● YOUR ASSIGNMENT
Write out all the records exactly, and keep any images out.

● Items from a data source
==================================================
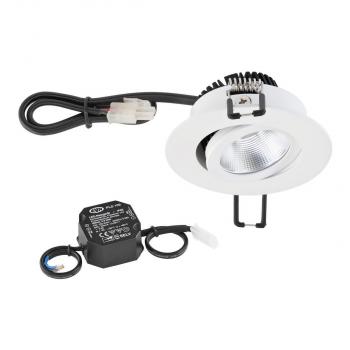 ARDEBO.de EVN PC20-Serie LED Deckeneinbau, rund, schwenkbar, IP20, 220-240V, 6W, 3000K, 620lm, inkl. Netzgerät, weiß STL (PC20N60102)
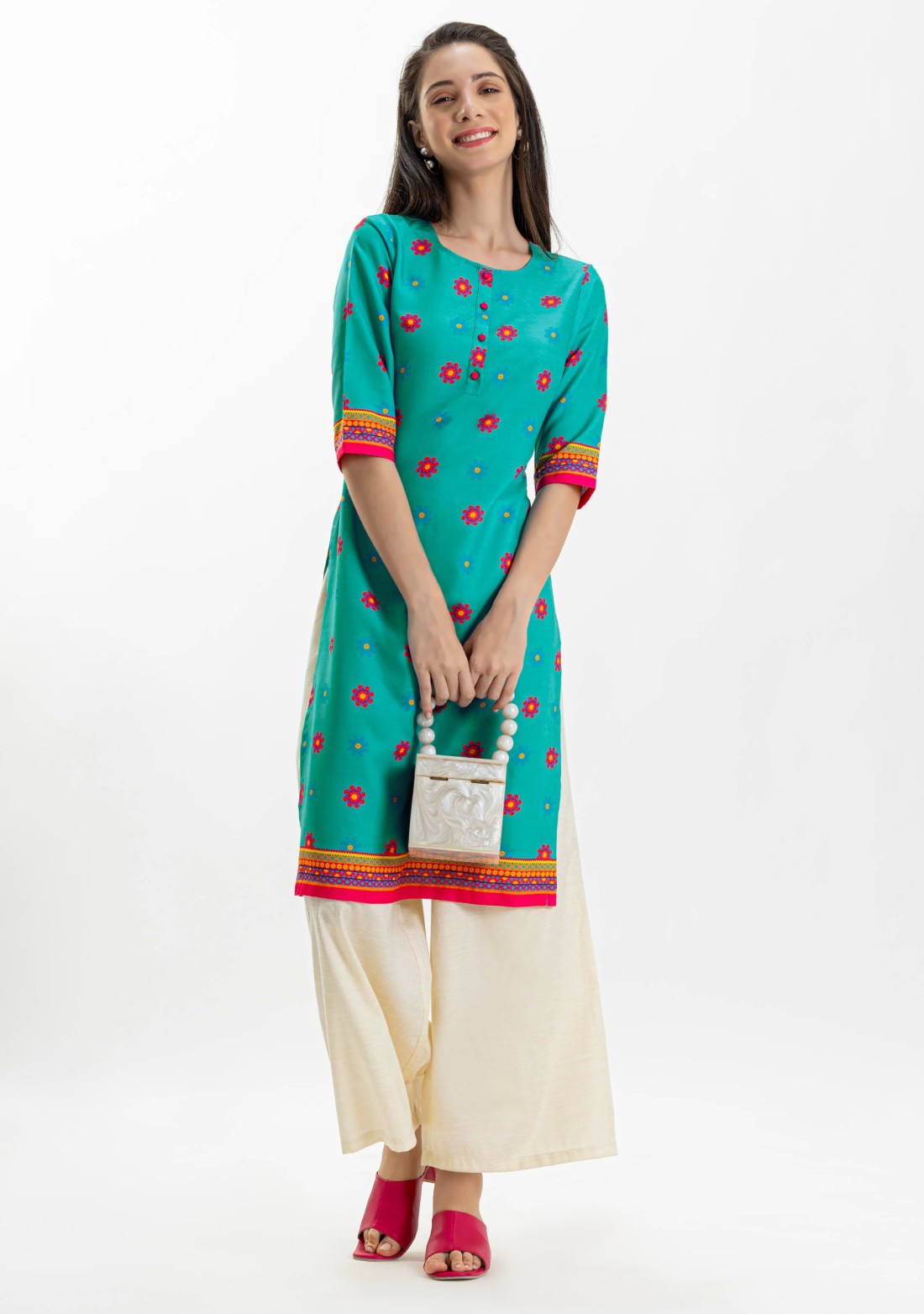 Turquoise Blue Ethnic Print Rayon Straight Kurti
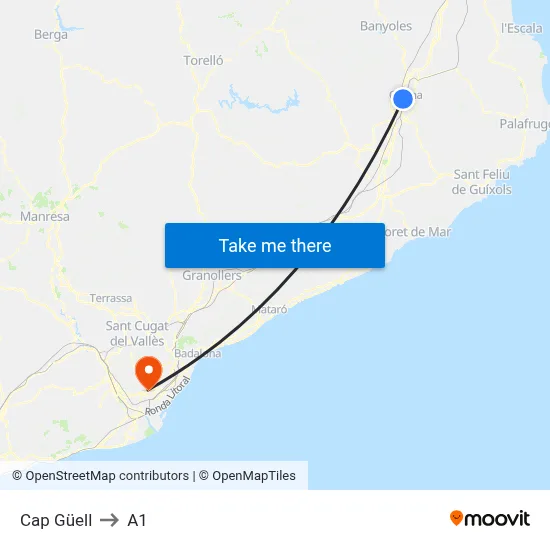 Cap Güell to A1 map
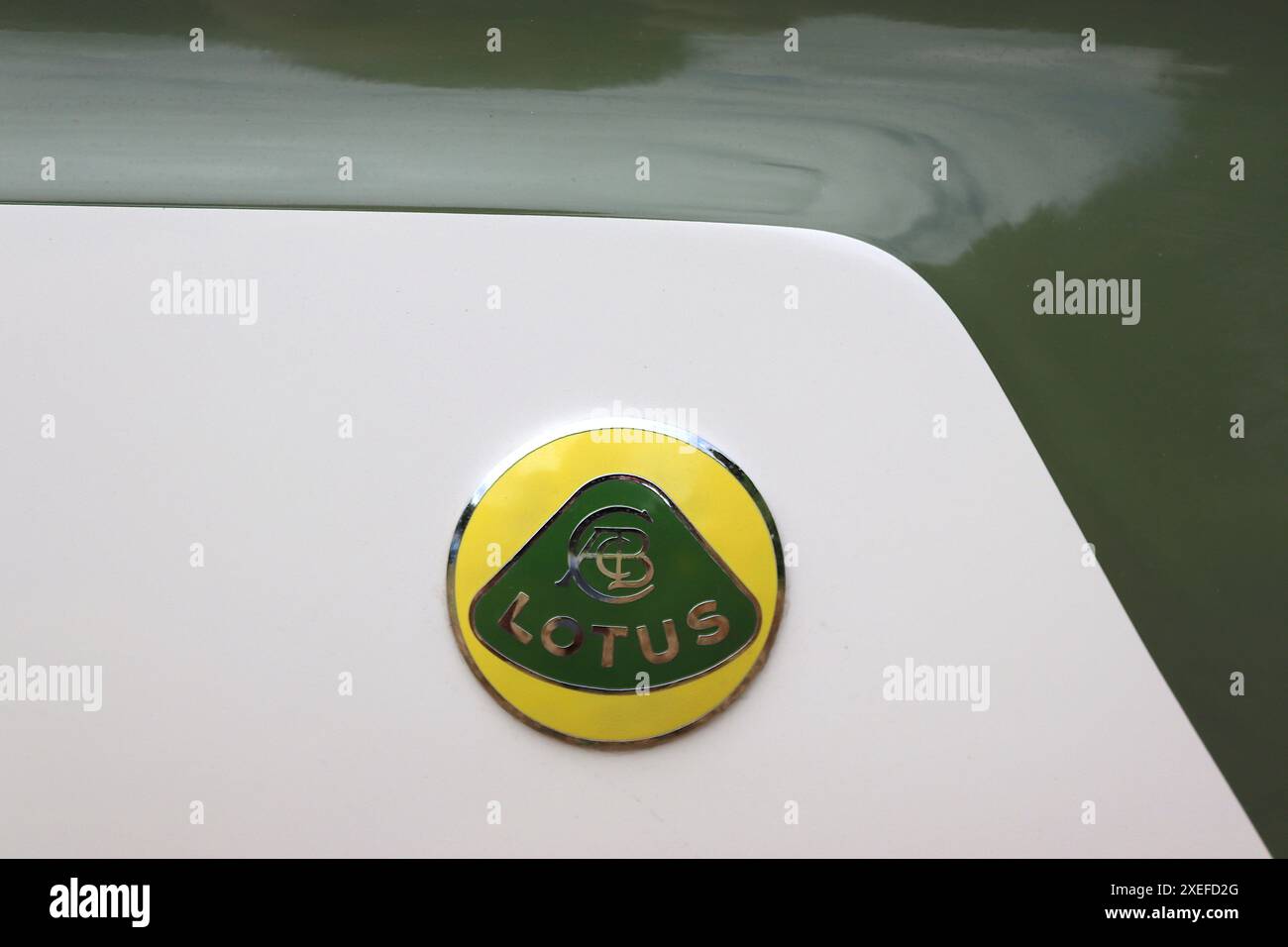 Gros plan de l'emblème emblématique Lotus Cars et du Sherwood Green coachline sur un panneau de custode blanc Ermine d'une Ford Lotus Cortina de MkI. Banque D'Images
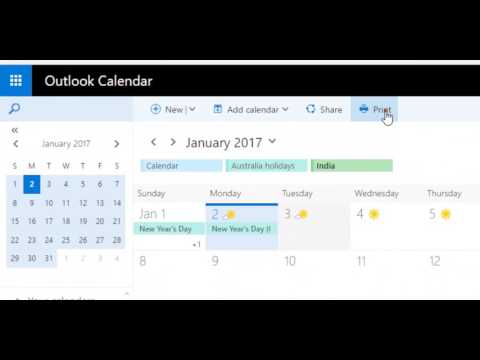 How to print calendar with agenda in outlook webmail 365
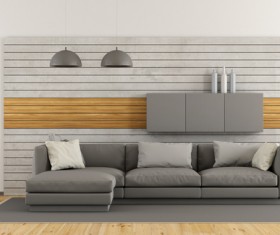 Gray tone simple living room Stock Photo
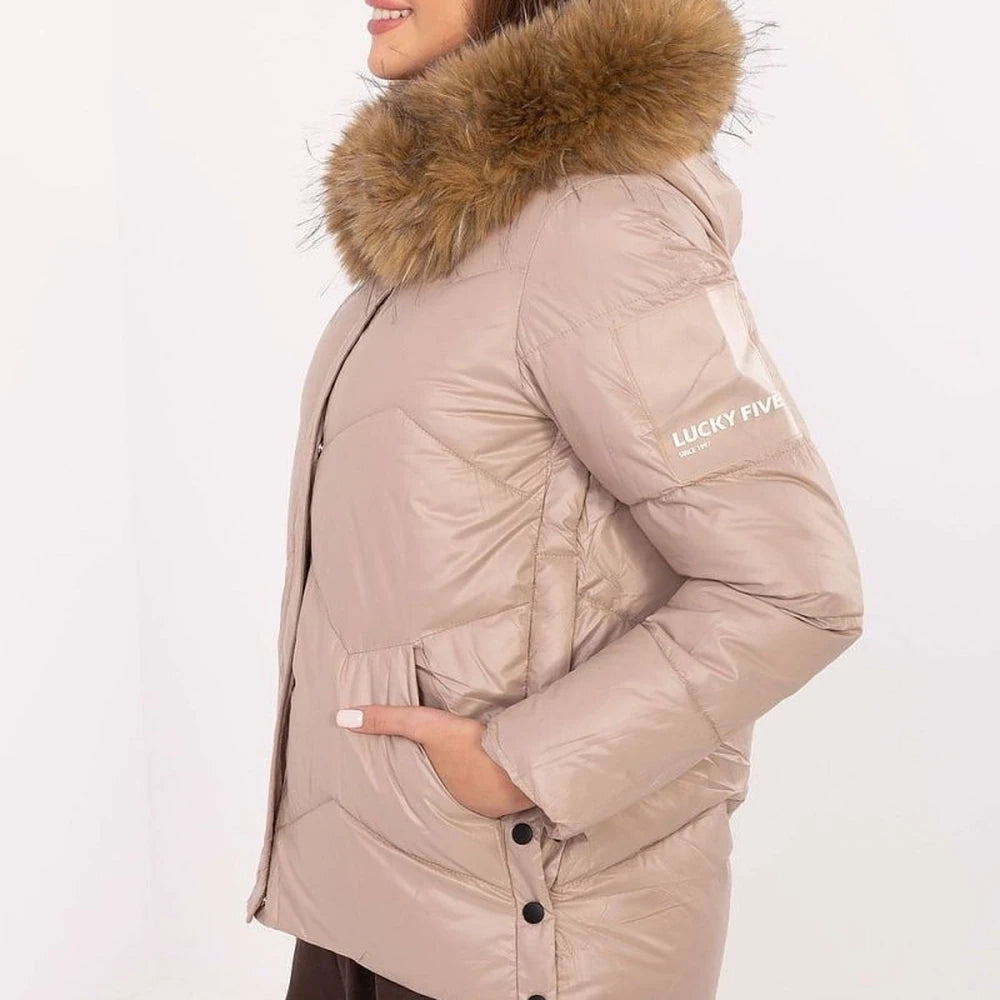 Women's Quilted Down Jacket with Detachable Fur Hood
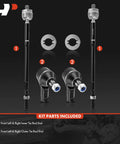 Front Inner And Outer Tie Rod End Kit For Mitsubishi Mirage And Mirage G4 2014 2015 2017 2018 2019 2020 2021 2022 2023 Replace Worn Tie Rods To Fix Loose Or Shaky Steering And Annoying Squeaks.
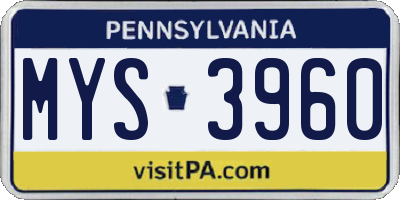 PA license plate MYS3960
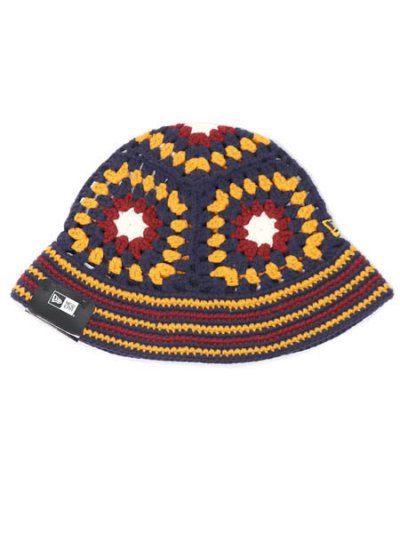 画像6: NEW ERA CROCHET KNIT BUCKET NAVY/YEL/CHROME/RED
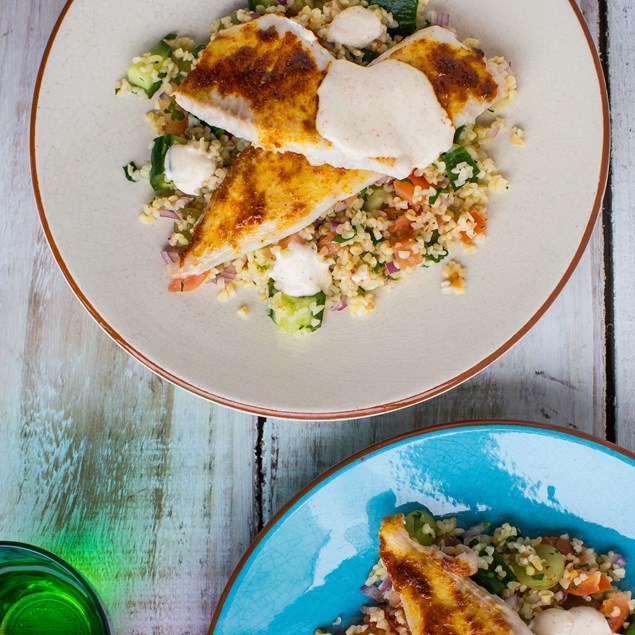Moroccan Harissa Fish with Grape, Tomato and Cucumber Tabbouleh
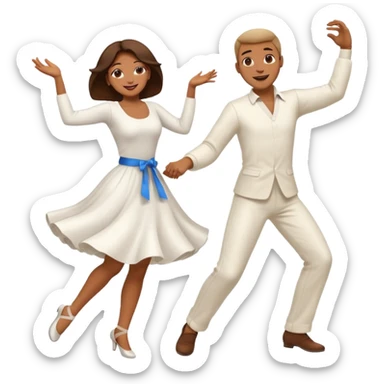Man and woman dancing white sticker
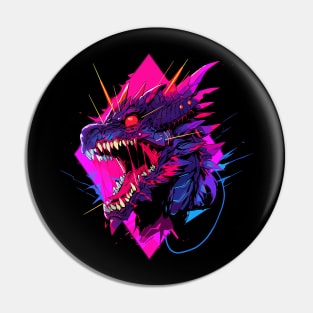 Synthwave Dragon Pin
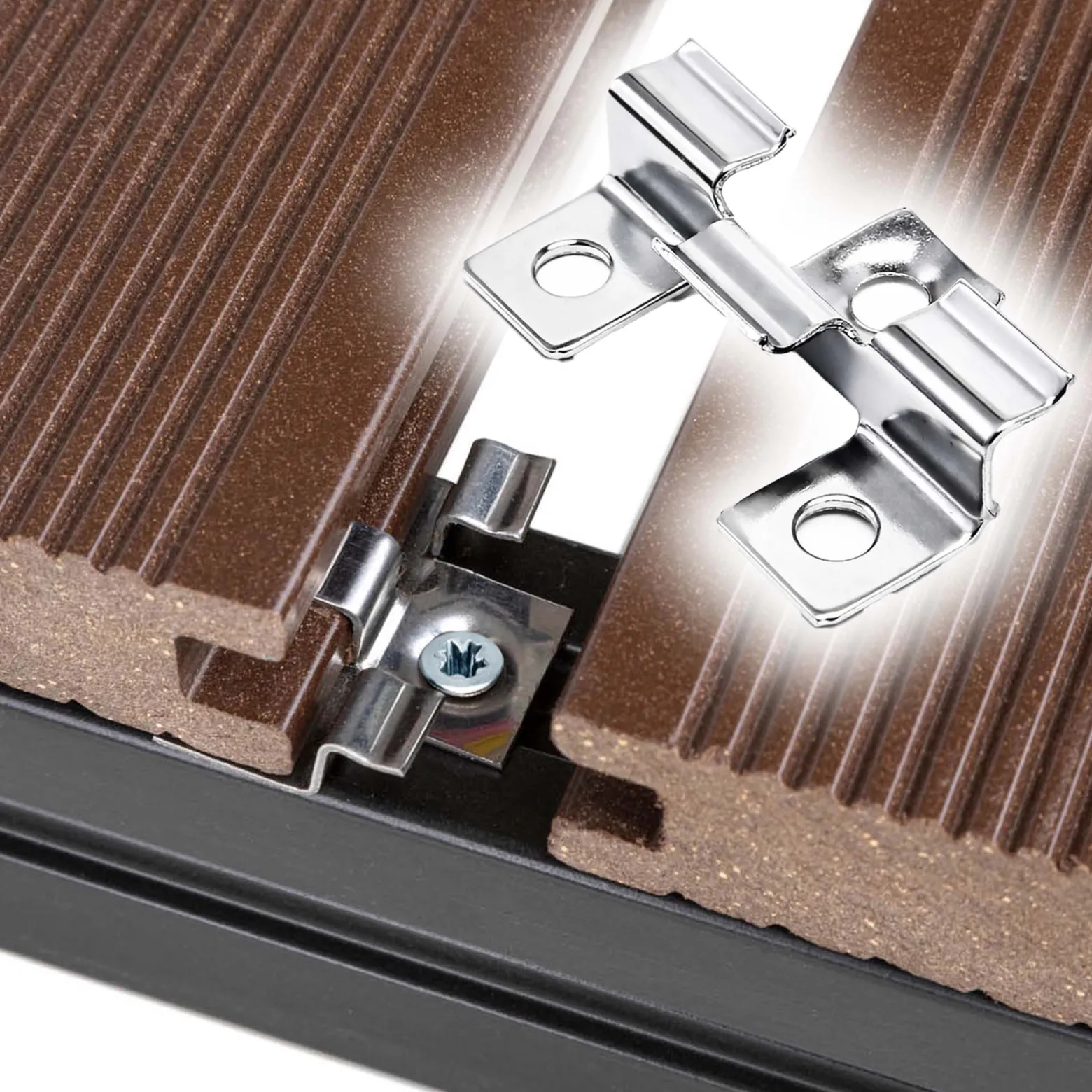 Wiltec 50x Edelstahl Clips 8mm Terrassendielen Montage, für 8mm Seitennut, Befestigungsklammer aus Edelstahl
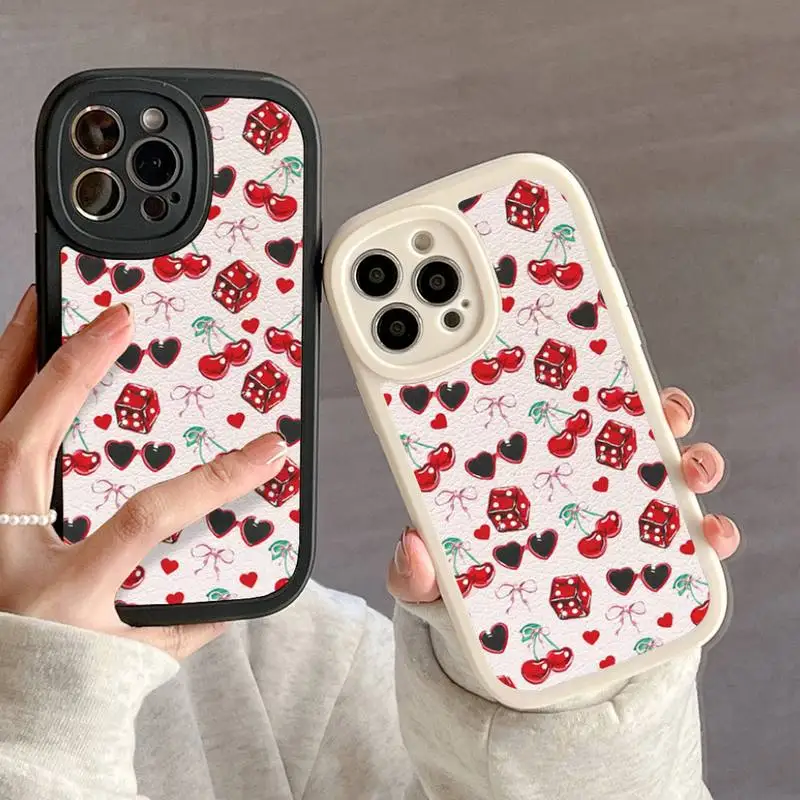 Cherries Hearts Dice Bows Phone Case For IPhone 11 12 13 14 15 Plus Pro Max PU Leather Silicon Soft Cover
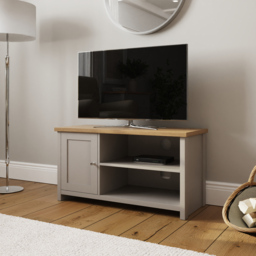 GFW Lancaster Single Door 2 Shelf Grey Small TV Cabinet - Size: 39 x 95 x 49cm - Wilko - thumbnail 7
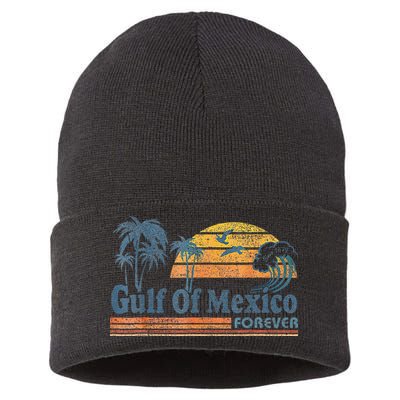 Gulf Of Mexico Forever Since 1672 Retro Vintage Beach Gulf Sustainable Knit Beanie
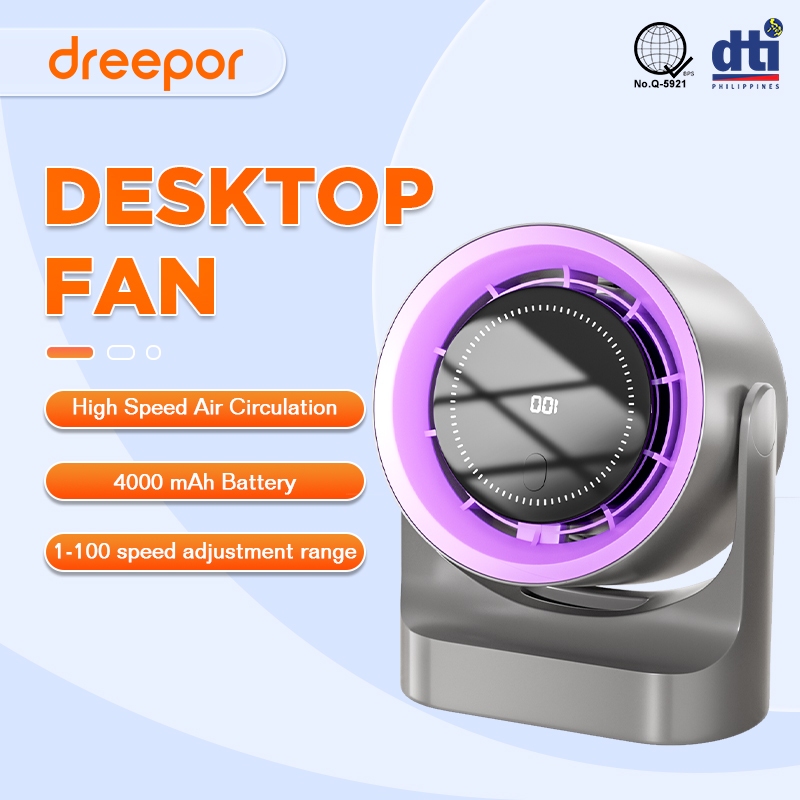 Dreepor Rechargeable Turbo Fan Small Electric Fan High Speed Desk Fan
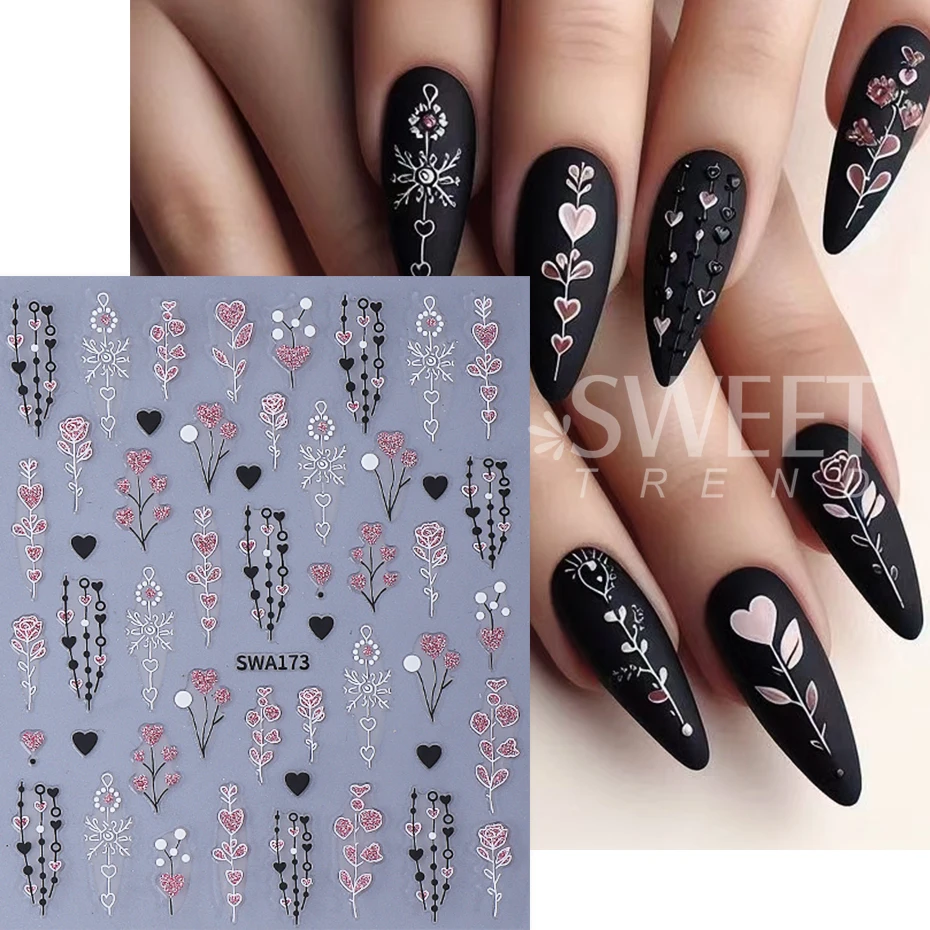 4pcs Valentine's Nail Stickers Black White Love Heart Lines Rose Design Adhesive Nail Decals DIY Sparkly Manicure Decor Sliders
==================================================
● RESULT
 ARDEBO.de EVN PC20-Serie LED Deckeneinbau, rund, schwenkbar, IP20, 220-240V, 6W, 3000K, 620lm, inkl. Netzgerät, weiß STL (PC20N60102)
 Turquoise Blue Ethnic Print Rayon Straight Kurti
 Cap Güell to A1 map
 Gros plan de l'emblème emblématique Lotus Cars et du Sherwood Green coachline sur un panneau de custode blanc Ermine d'une Ford Lotus Cortina de MkI. Banque D'Images
 How to print calendar with agenda in outlook webmail 365
 Gray tone simple living room Stock Photo
 Women's Quilted Down Jacket with Detachable Fur Hood
 Front Inner And Outer Tie Rod End Kit For Mitsubishi Mirage And Mirage G4 2014 2015 2017 2018 2019 2020 2021 2022 2023 Replace Worn Tie Rods To Fix Loose Or Shaky Steering And Annoying Squeaks.
 PA license plate MYS3960
 画像6: NEW ERA CROCHET KNIT BUCKET NAVY/YEL/CHROME/RED
Moroccan Harissa Fish with Grape, Tomato and Cucumber Tabbouleh
Man and woman dancing white sticker
 Synthwave Dragon Pin
 Wiltec 50x Edelstahl Clips 8mm Terrassendielen Montage, für 8mm Seitennut, Befestigungsklammer aus Edelstahl
 Cherries Hearts Dice Bows Phone Case For IPhone 11 12 13 14 15 Plus Pro Max PU Leather Silicon Soft Cover
 GFW Lancaster Single Door 2 Shelf Grey Small TV Cabinet - Size: 39 x 95 x 49cm - Wilko - thumbnail 7
 Gulf Of Mexico Forever Since 1672 Retro Vintage Beach Gulf Sustainable Knit Beanie
 Dreepor Rechargeable Turbo Fan Small Electric Fan High Speed Desk Fan
 4pcs Valentine's Nail Stickers Black White Love Heart Lines Rose Design Adhesive Nail Decals DIY Sparkly Manicure Decor Sliders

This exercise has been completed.